The resolution urged the international community to provide more active and multifaceted support for Cameroon, Chad, Niger, Nigeria and other states affected by the atrocities of the terrorist group.
The resolution also calls upon those who provide support and resources to Boko Haram to put an immediate end to such support and has requested the Office of the High Commissioner for Human Rights to submit a report on the atrocities of the militant group in its 30th session.
Speaking at the special council, UN rights chief Zeid Ra'ad Al Hussein said that the atrocities of Boko Haram, if confirmed, would constitute war crimes and crimes against humanity. He said Boko Haram's insurgency has led to the deaths of at least 15,000 people.
He said children are used as ‘expendable cannon fodder’ by the militant group.
"The group has also repeatedly used young children as human bombs, including a case of a 14-year-old carrying a baby on her back who detonated a bomb in a marketplace. These reports, if confirmed, would constitute war crimes," he added.

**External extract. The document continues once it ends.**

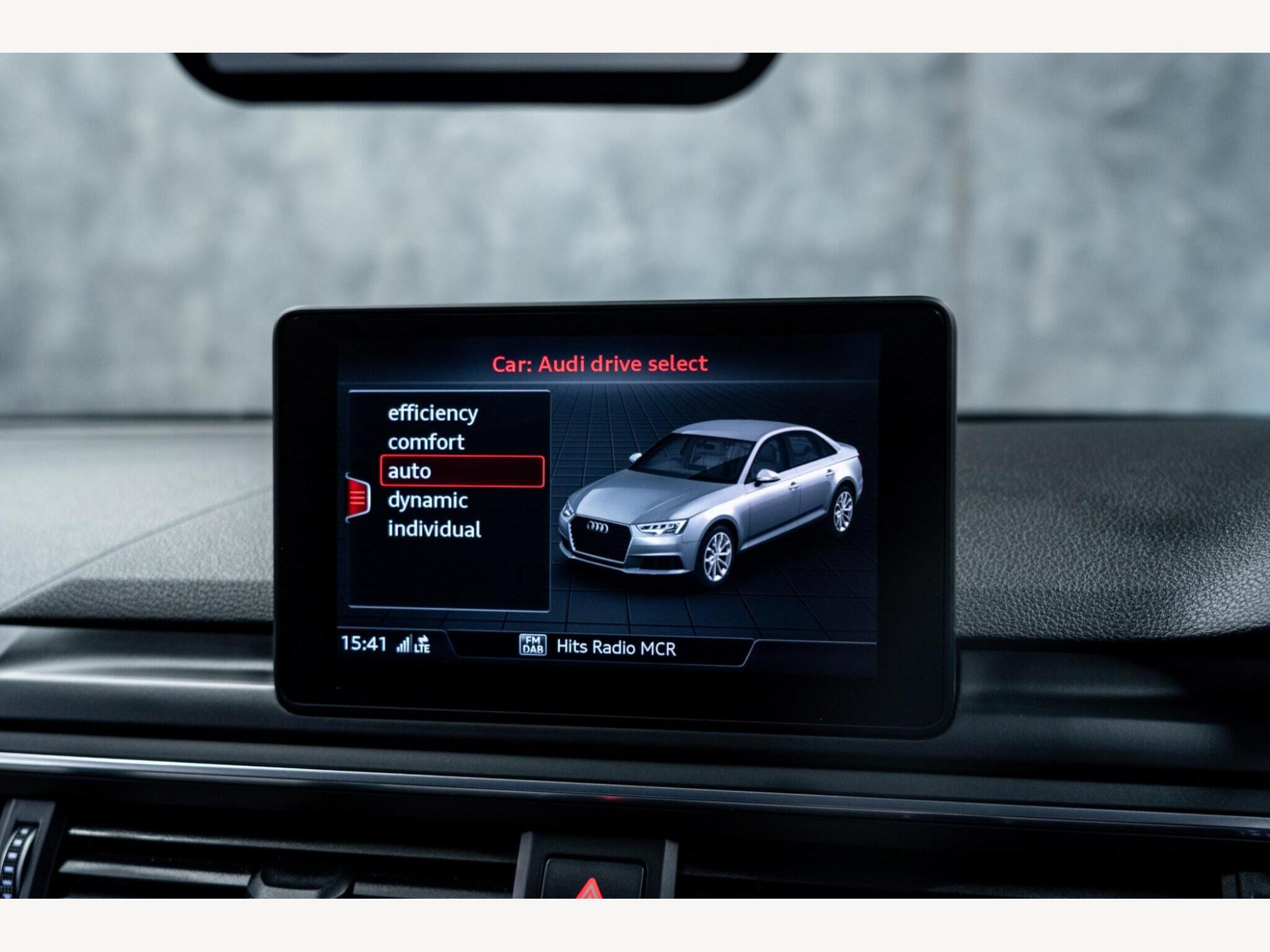 2017 Audi A4 image 18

"I am also profoundly concerned about the growing ethnic and sectarian dimensions of the conflict. There is no doubt that Christian communities have been targeted, but to date, the majority of its victims appear to have been Muslims," the UN rights chief said.
Boko Haram, loosely translated as ‘western education is forbidden’, is particularly against girls' education and in one instance abducted 276 school girls last year, the fate of whom is yet unknown.
Ajit Kumar, India's Permanent Representative to the United Nations offices in Geneva, in a statement to the council, said that India welcomed the special session and added that, "We must adopt a holistic approach aimed at zero-tolerance towards terrorism. The scourge of terrorism has to be comprehensively fought and eradicated in all its forms and manifestations".
India urged for an early adoption of the Comprehensive Convention on International Terrorism since terrorism does not yet have an agreed upon definition.
Nigeria's Permanent Secretary to the UN offices, Danjuma Nanpon Sheni, said that the situation has been exacerbated by the fact that ‘we are dealing with faceless monsters.
He added that the international community should be very concerned because of the networks Boko Haram has forged with groups such as Islamic State and Al-Shabaab.
Pierre Buyoya, former President of Burundi and High Representative of the African Union for Mali and the Sahel, said in a press conference that Boko Haram has the most sophisticated weapons, missiles and artillery and controls 20,000 sq kms for years which would not have been possible without external support.
The six-year insurgency which started off as a localised crisis in Nigeria's Maiduguri city and adjoining villages, has acquired disturbing regional dimensions around Lake Chad,\ killing at least 15,000 people since 2009, displacing over a million others with 168,000 fleeing to neighbouring countries.